**EXERCISE OBJECTIVE:**
Each line from the one containing "Now from here" to the end of the material below is to be restated exactly, with pictures skipped.
**** GIVEN RECORDS
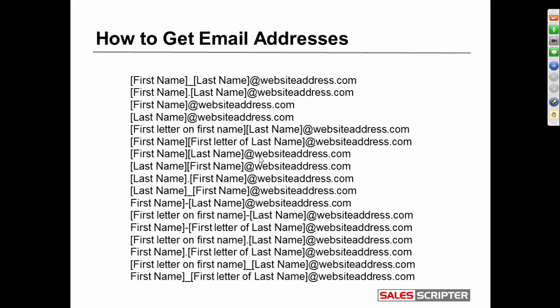You can guess a prospect's email address because it's going to use one of these naming conventions — some mixture of details from the first and last name, at, and then if you know where they work, you're going to have a good idea of what their website address is. That's going to be the second half of their email address. You can actually guess email addresses and either send an email — if it bounces back, then try another way.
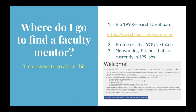Where do you go to find a faculty mentor? There are three main ways. First, go to the Bio 199 research dashboard, where you'll find a full list of faculty currently performing undergraduate research, a brief description of each lab, and contact information to email them directly. Second, reach out to professors or TAs from previous classes to establish a connection. Third, network with friends, mentors, or upperclassmen currently in Bio 199 labs — they can let you know if there's an opening.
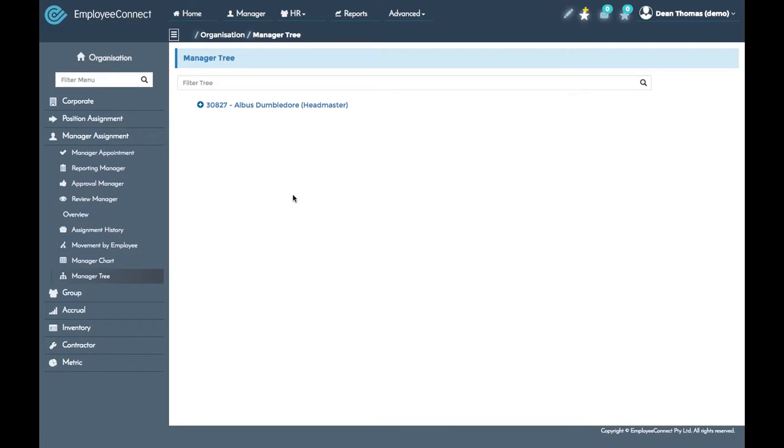This will show you a tree view and representation of the managers in your system. All of the relationships will be a parent and child relationship.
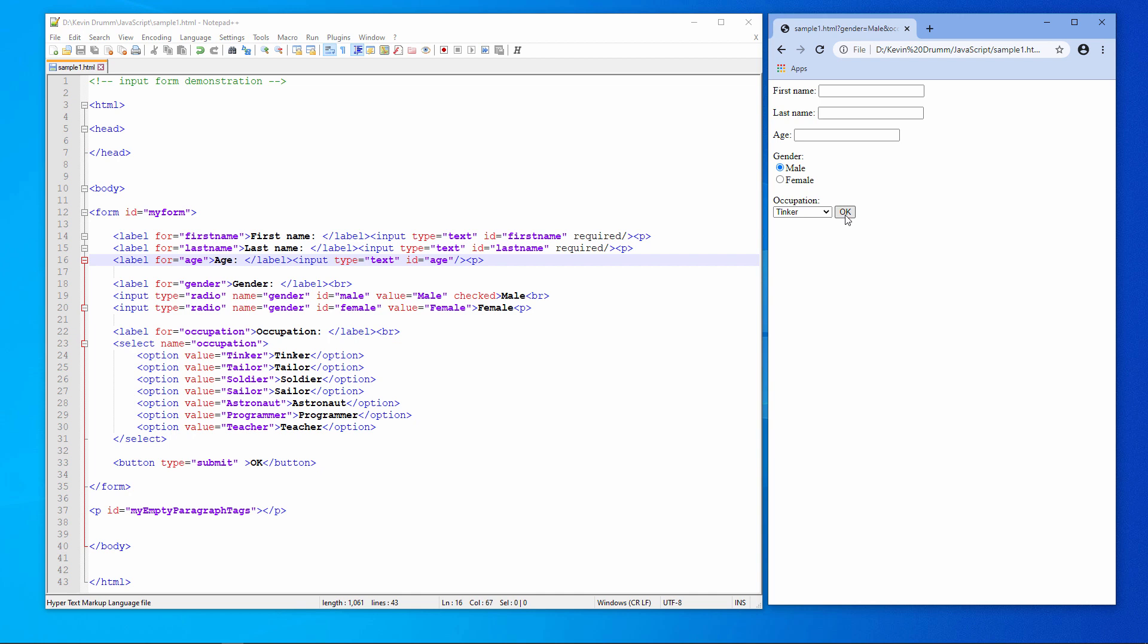Theoretically then, without those required attributes, I could submit the form with no data on it at all.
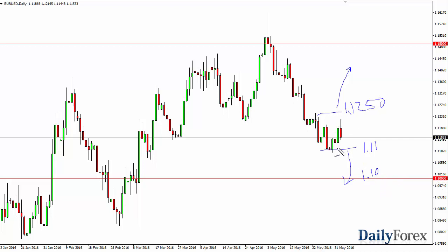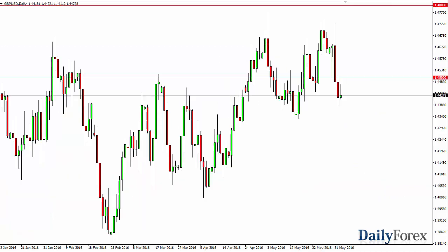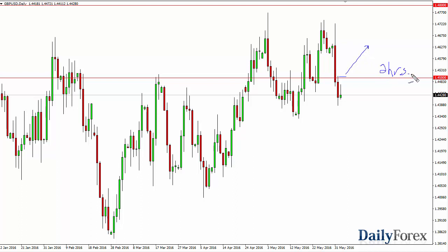Quite frankly, I'm probably not even going to be paying attention to this particular pair tomorrow. Over here in the British pound, I think the easiest trade to take would be a long position if we can spend about two hours above the 1.45 level.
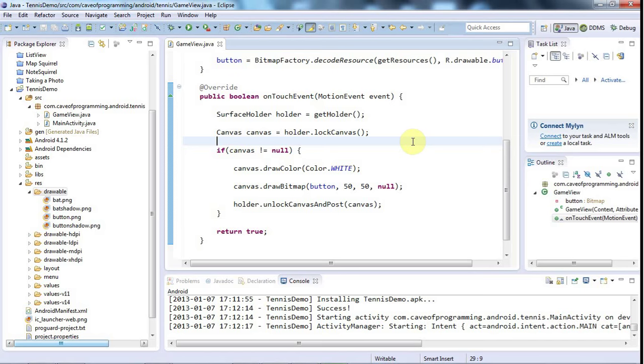Hello, this is John from caveofprogramming.com and in this tutorial we're going to look at how to detect when the drawing surface is created or destroyed.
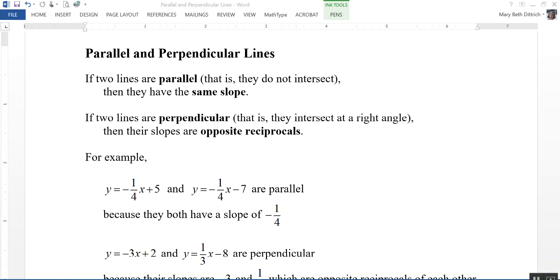This video is on parallel and perpendicular lines. If two lines are parallel — that is, if two lines do not intersect — then they have the same slope.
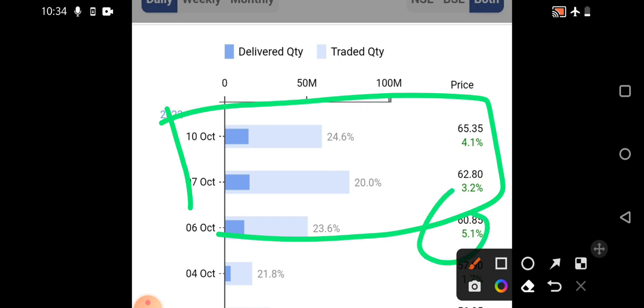From the 60 rupees level when we initially discussed, the stock has already given almost 8% return and approached its all-time high. Today, if you include another 4%, the stock has given almost 12% return within a very quick succession. Hope everybody who entered made some good profit.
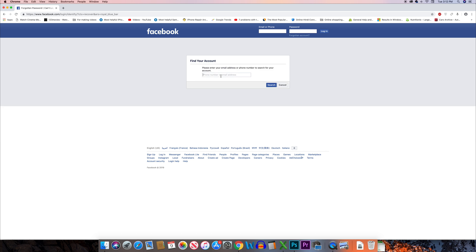Now from here you can enter your phone number associated with your Facebook account or else you can also enter your full name to find out what is your Facebook ID.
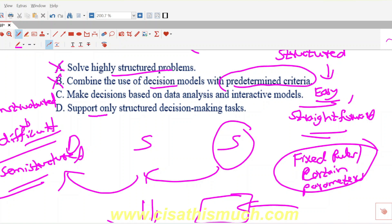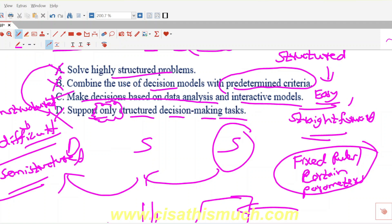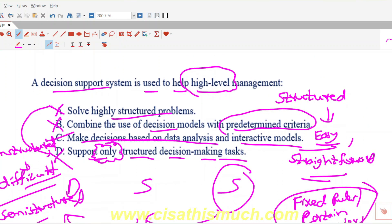Option D says 'support only structured decision making tasks' — same issue as option A. The word 'only' is very important here. DSS also helps with semi-structured or unstructured problems, so D is not the answer either. The correct answer is option C: 'make decisions based on data analysis and interactive models.' This aligns with the three core features of a DSS. I hope everyone understood this concept — thanks a lot.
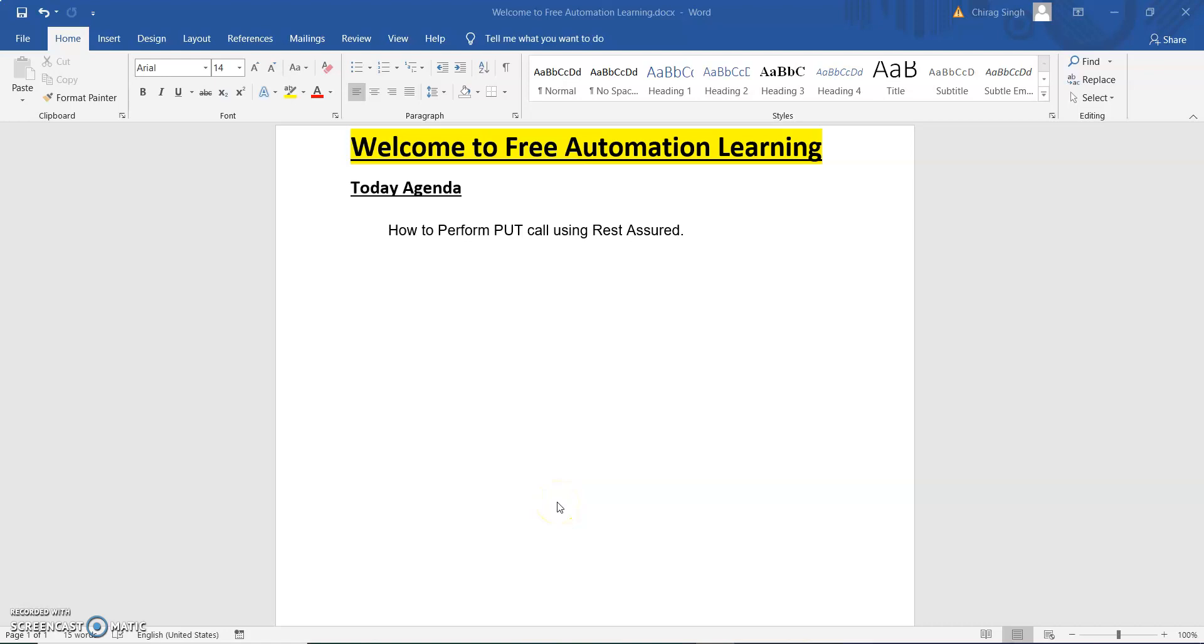Hello everyone, welcome back to my channel. My name is Chah. Today we are going to discuss how we can perform a PUT call. In the previous video, we discussed how to perform a POST call.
********
**RESPONSE AREA:**
Now from here you can enter your phone number associated with your Facebook account or else you can also enter your full name to find out what is your Facebook ID.
Option D says 'support only structured decision making tasks' — same issue as option A. The word 'only' is very important here. DSS also helps with semi-structured or unstructured problems, so D is not the answer either. The correct answer is option C: 'make decisions based on data analysis and interactive models.' This aligns with the three core features of a DSS. I hope everyone understood this concept — thanks a lot.
Hello everyone, welcome back to my channel. My name is Chah. Today we are going to discuss how we can perform a PUT call. In the previous video, we discussed how to perform a POST call.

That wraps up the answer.